- **AIM OF THE EXERCISE**:
An image-free, exact copy of the records below is required.

- **RECORDS**:
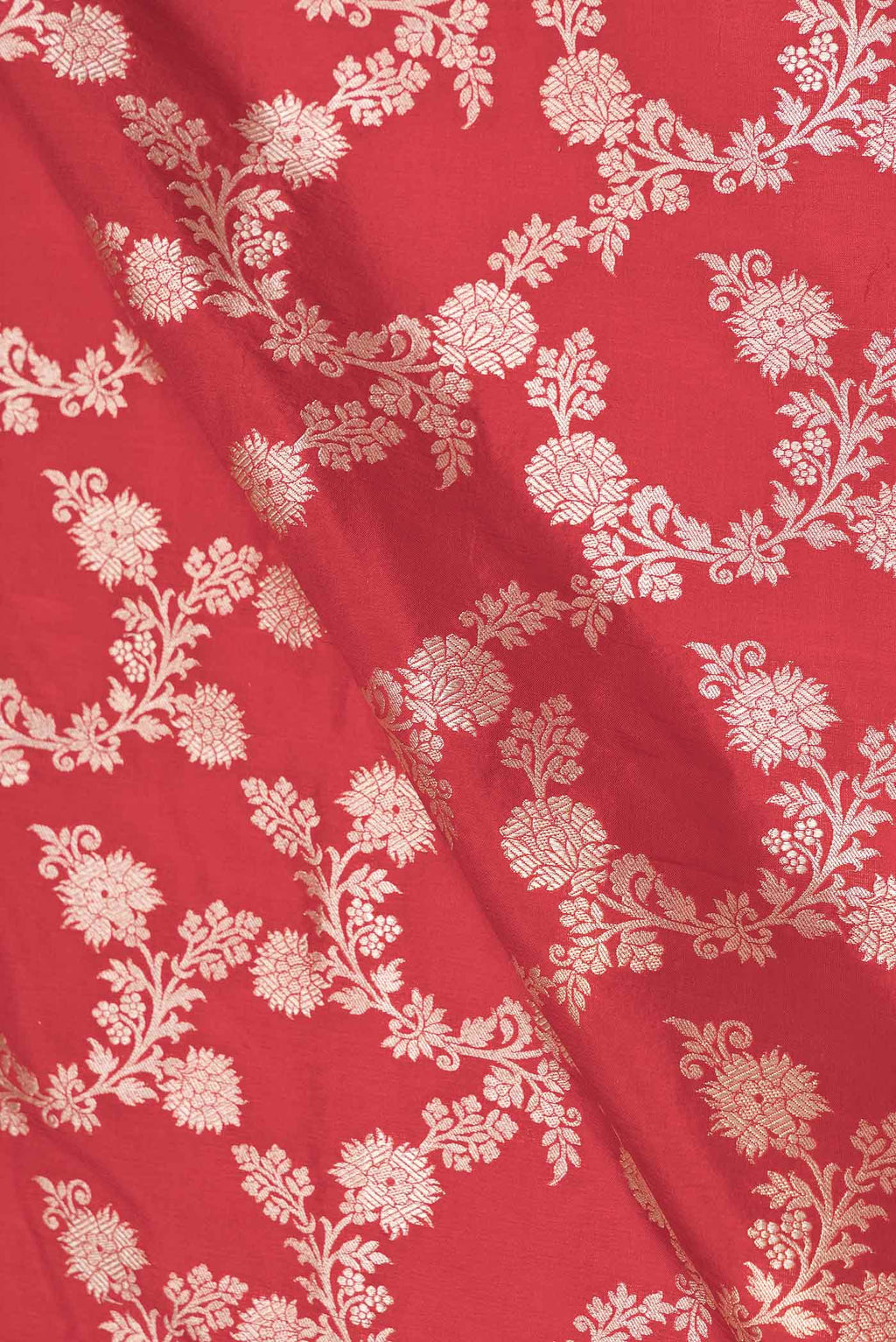 Close up of Red Dual Tone Banarasi Silk Saree with Zari Brocade on the body and Zari Border displaying folds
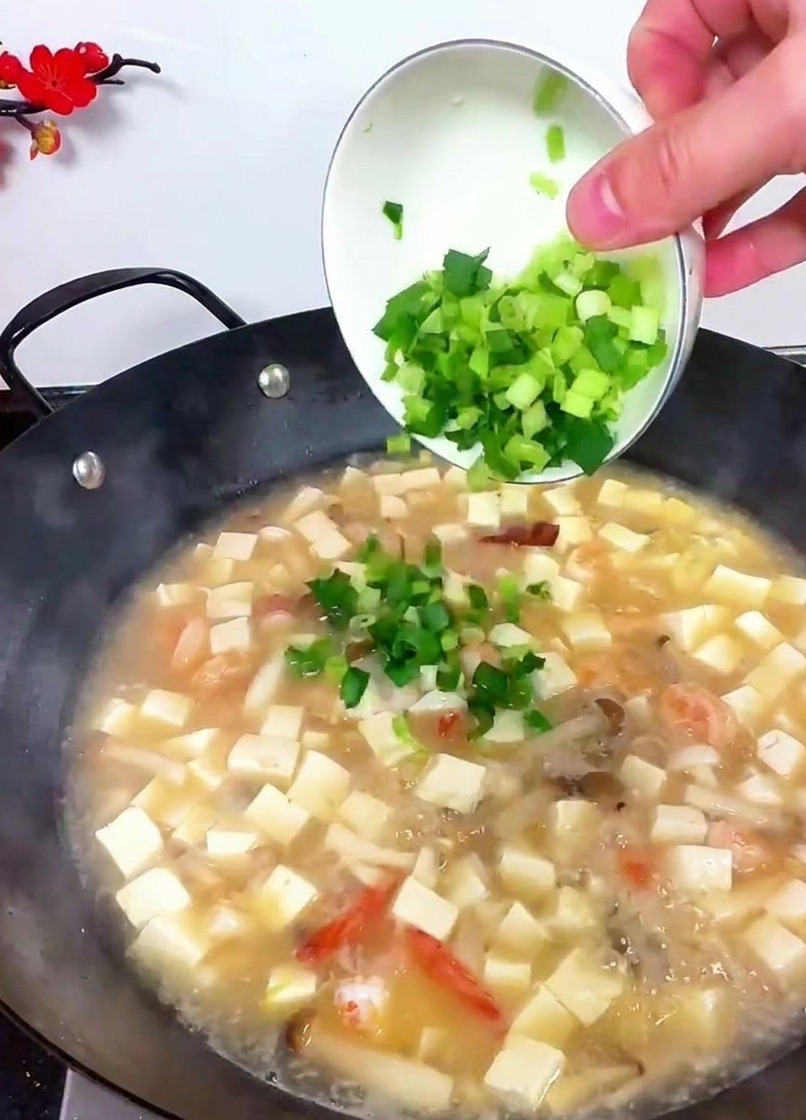 Une main penchant un bol pour verser du céleri haché et des pousses dail bien vertes dans la soupe bouillante.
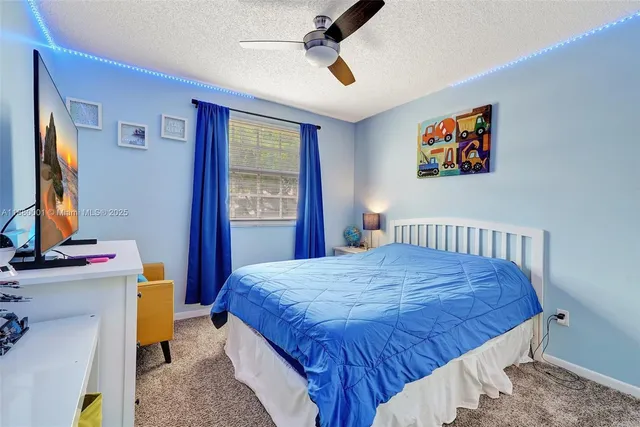 a bed room with a bed and mirror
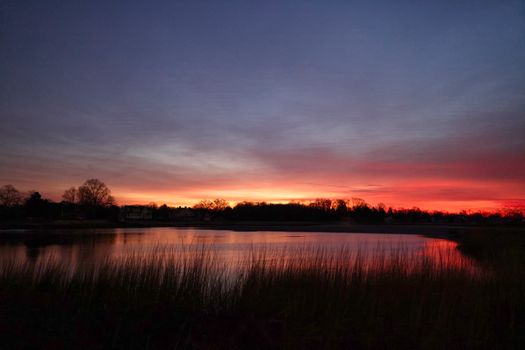 Beautiful sunset reflection over a calm lake surrounded by trees and grasses.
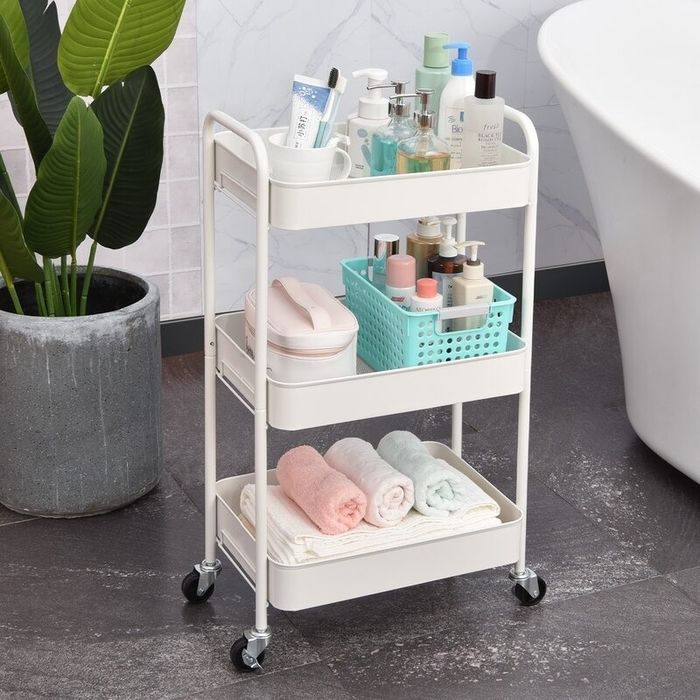 A bathroom storage cart on wheels, featuring three shelves neatly organized with toiletries, towels, and hygiene products. The cart is positioned next to a potted plant and bathtub.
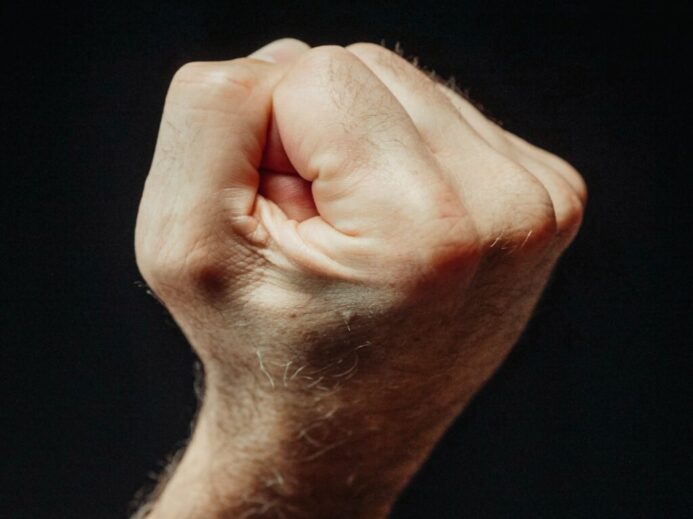 Close-Up Photo of a Person Clenching His Fist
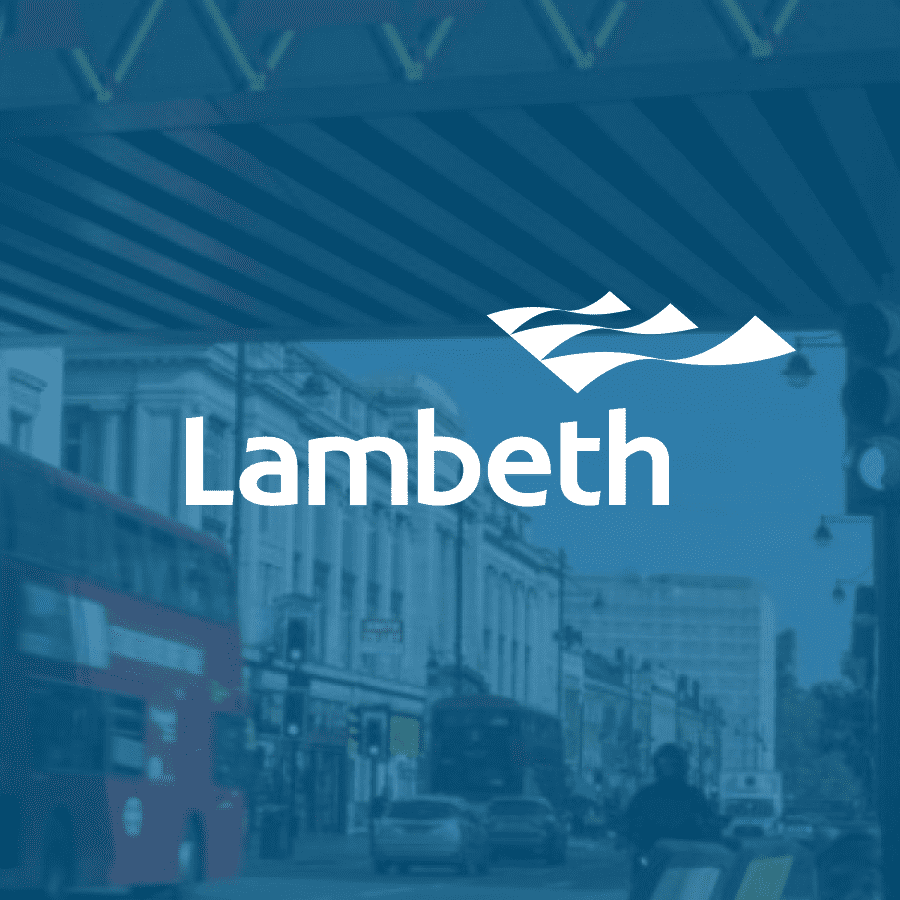 Lambeth logo on top of a faded image of a street with shops and a red bus in motion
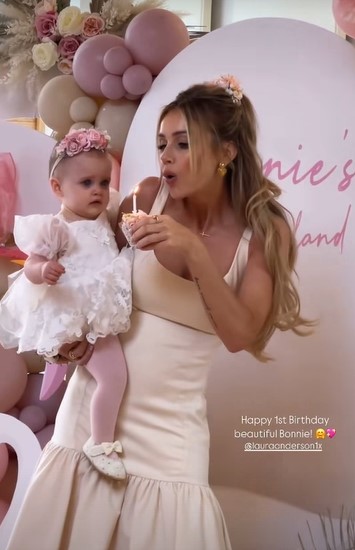 a woman in a white dress is holding a baby and blowing out a candle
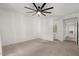 Large main bedroom boasts ceiling fan, carpet, and en suite bath and walk-in closet at 5200 S Lakeshore Dr # 120, Tempe, AZ 85283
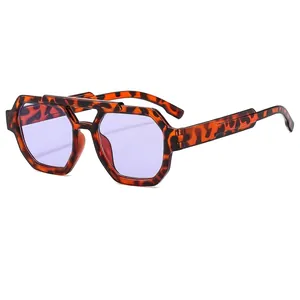 Classic double-bridge aviator sunglasses with tortoiseshell frames and purple lenses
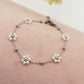 DAISY ~ ACCIAIO INOSSIDABILE ~ Bracciale con fiori e cristalli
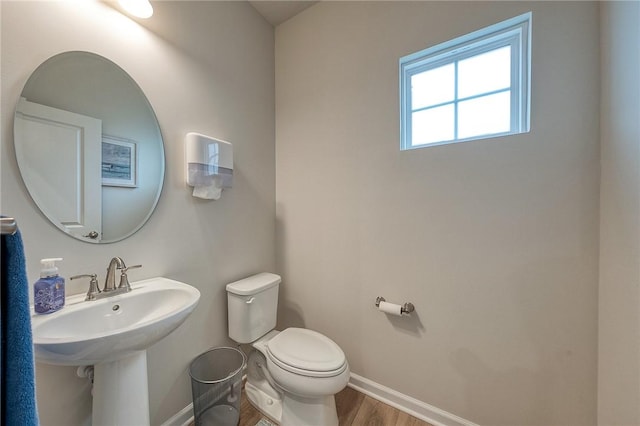 half bathroom with wood finished floors, toilet, baseboards, and a sink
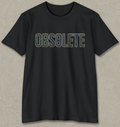 A black short-sleeve crewneck t-shirt with the word 'OBSOLETE' printed across the chest in a retro, outlined font. The letters are filled with a camouflage pattern in shades of green, blue, and brown.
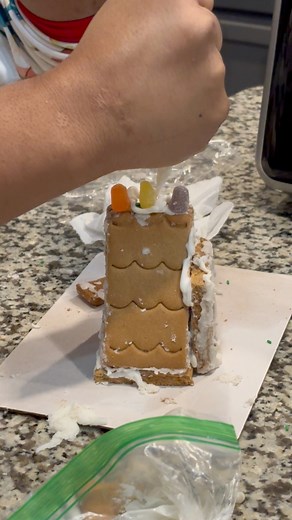 Do yall still build gingerbread houses ?👀 we had fun building our gingerbread houses 🏠 #gingerbreadhouse #FamilyNightDoneRight | Home With Coiya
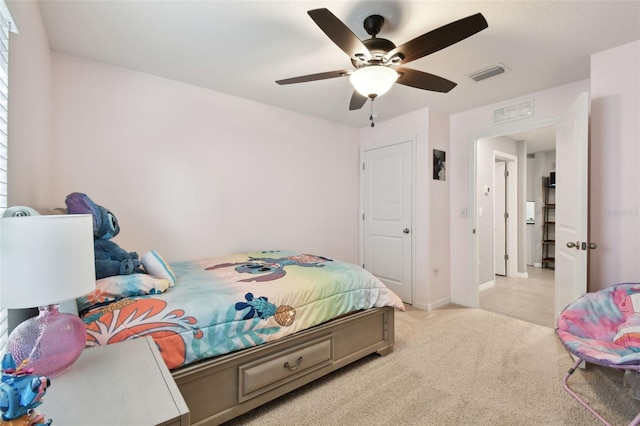 carpeted bedroom with ceiling fan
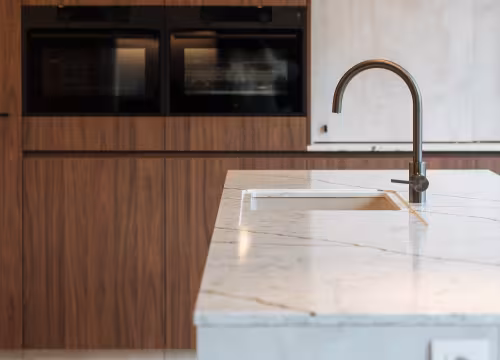 Moderne maatwerkkeuken in nieuwbouwwoning met marmerlook eiland en houten kasten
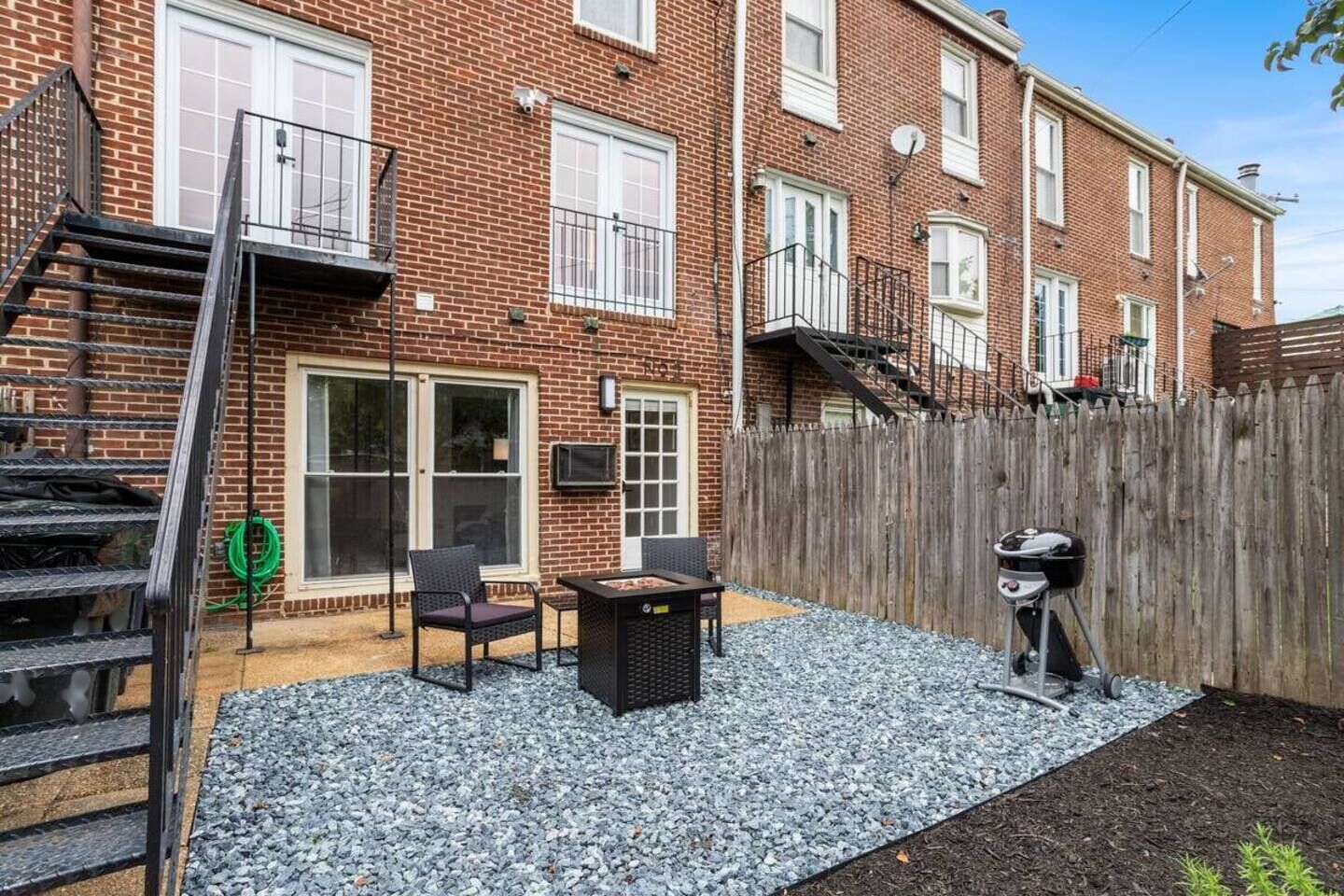 A brick apartment with a patio area featuring a grill, outdoor furniture, and a wooden fence.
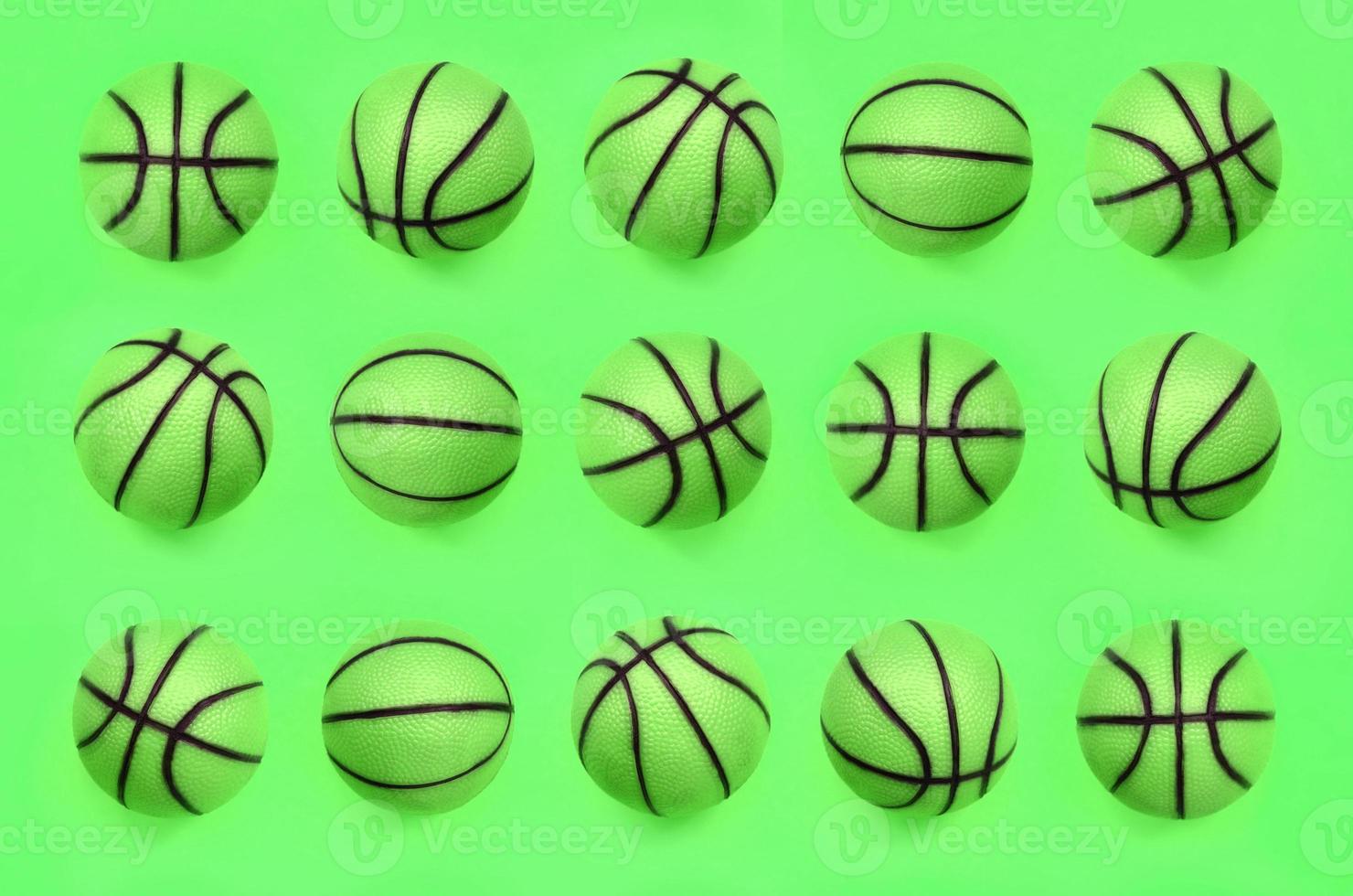 Many small green balls for basketball sport game lies on texture background photo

- **SOLUTION FOR THIS TASK**:
 Close up of Red Dual Tone Banarasi Silk Saree with Zari Brocade on the body and Zari Border displaying folds
 Une main penchant un bol pour verser du céleri haché et des pousses dail bien vertes dans la soupe bouillante.
 a bed room with a bed and mirror
 Beautiful sunset reflection over a calm lake surrounded by trees and grasses.
 A bathroom storage cart on wheels, featuring three shelves neatly organized with toiletries, towels, and hygiene products. The cart is positioned next to a potted plant and bathtub.
 Close-Up Photo of a Person Clenching His Fist
 Lambeth logo on top of a faded image of a street with shops and a red bus in motion
 a woman in a white dress is holding a baby and blowing out a candle
 Large main bedroom boasts ceiling fan, carpet, and en suite bath and walk-in closet at 5200 S Lakeshore Dr # 120, Tempe, AZ 85283
 Classic double-bridge aviator sunglasses with tortoiseshell frames and purple lenses
 DAISY ~ ACCIAIO INOSSIDABILE ~ Bracciale con fiori e cristalli
 half bathroom with wood finished floors, toilet, baseboards, and a sink
 A black short-sleeve crewneck t-shirt with the word 'OBSOLETE' printed across the chest in a retro, outlined font. The letters are filled with a camouflage pattern in shades of green, blue, and brown.
 Do yall still build gingerbread houses ?👀 we had fun building our gingerbread houses 🏠 #gingerbreadhouse #FamilyNightDoneRight | Home With Coiya
 carpeted bedroom with ceiling fan
 Moderne maatwerkkeuken in nieuwbouwwoning met marmerlook eiland en houten kasten
 A brick apartment with a patio area featuring a grill, outdoor furniture, and a wooden fence.
 Many small green balls for basketball sport game lies on texture background photo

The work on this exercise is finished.